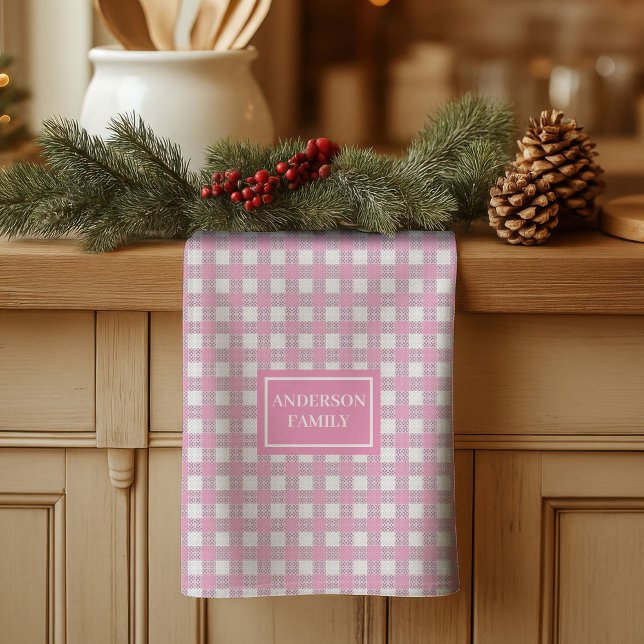 Toalla estética personalizada Acento de cocina chi (Personalized Aesthetic Towel Chic Kitchen Accent)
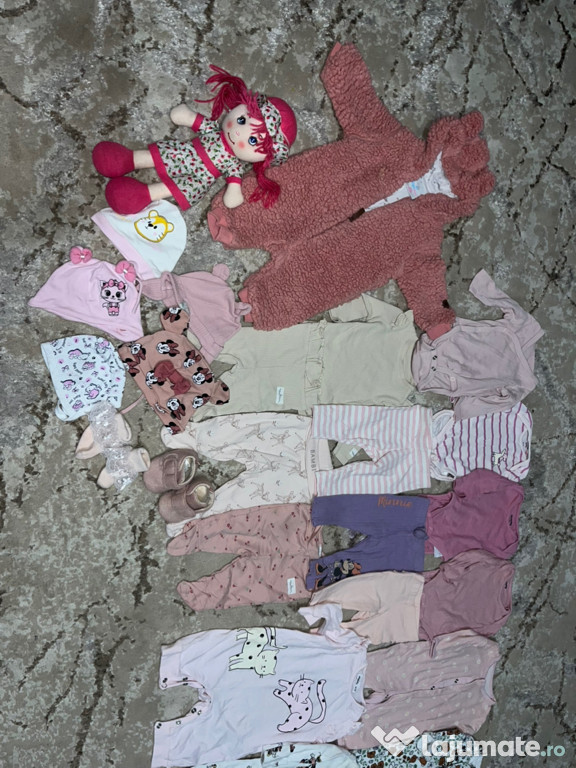 Lot hăinuțe fetiță mărimea 56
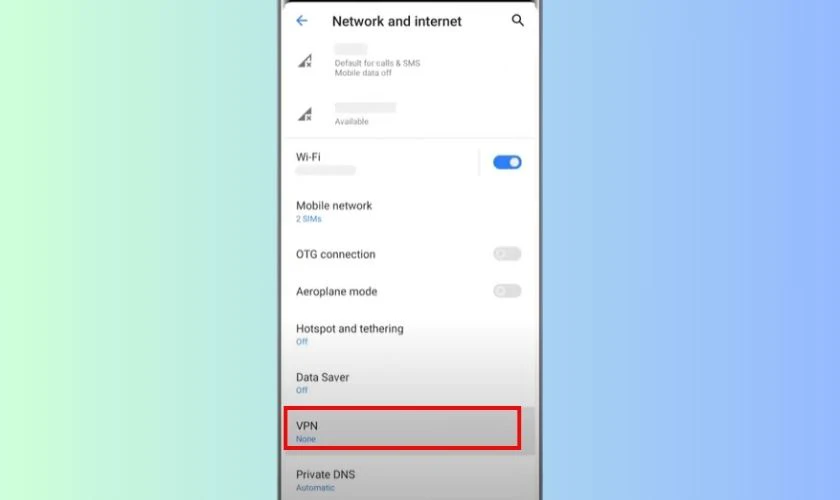 T&igrave;m chọn VPN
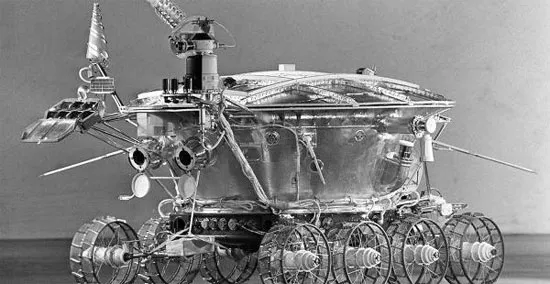 Hình ảnh đồ họa tàu Lunokhod 1.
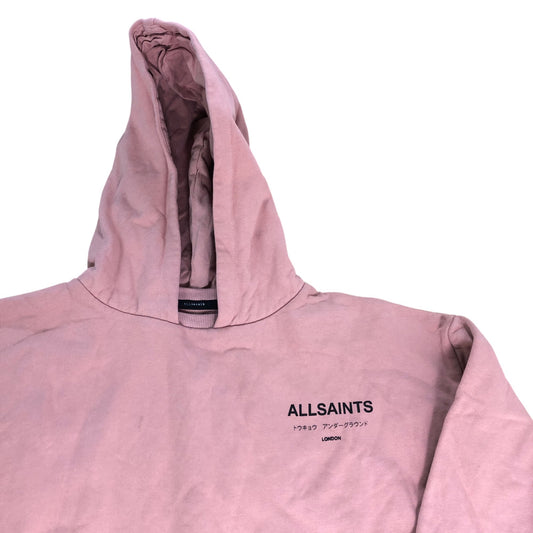 Allsaints Hoodie 11-12 Years Girls Pink Cotton Casual Pullover London Style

*-*-*

- Your assignment
The records above are to be repeated exactly, apart from their pictures.

- Task result
 Toalla estética personalizada Acento de cocina chi (Personalized Aesthetic Towel Chic Kitchen Accent)
 Lot hăinuțe fetiță mărimea 56
 T&igrave;m chọn VPN
 Hình ảnh đồ họa tàu Lunokhod 1.
 Allsaints Hoodie 11-12 Years Girls Pink Cotton Casual Pullover London Style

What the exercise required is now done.